» Information supplied:
Content starts
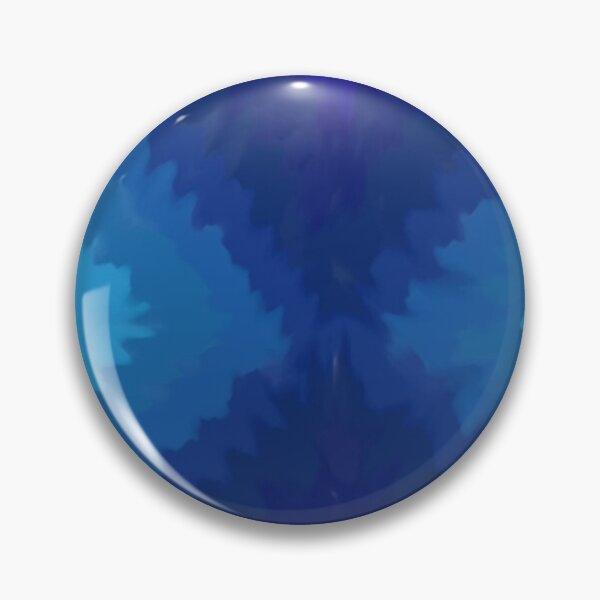 Aperçu de l'œuvre Bleu paisible créée et vendue par FelipeBuregio.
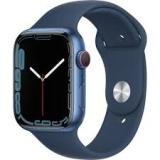 Apple Watch 7 44 mm Blue
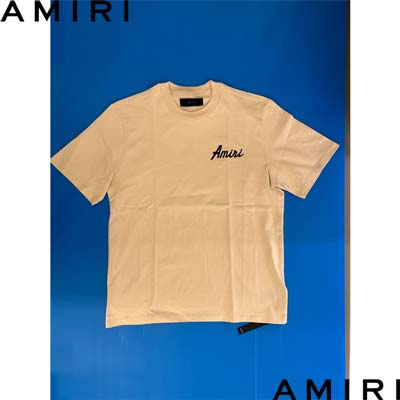 AMIRI ロンティー アミリ AMIRI メンズ トップス Tシャツ 長袖 ロンT ロゴ 3color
Content ends
» Brief:
Pictures are to be omitted. The lines from the line holding "Apple Watch 7 44 mm Blue" through the closing line of the data above are to be set down exactly, and nothing more.

» Result for this exercise:
 Apple Watch 7 44 mm Blue
 AMIRI ロンティー アミリ AMIRI メンズ トップス Tシャツ 長袖 ロンT ロゴ 3color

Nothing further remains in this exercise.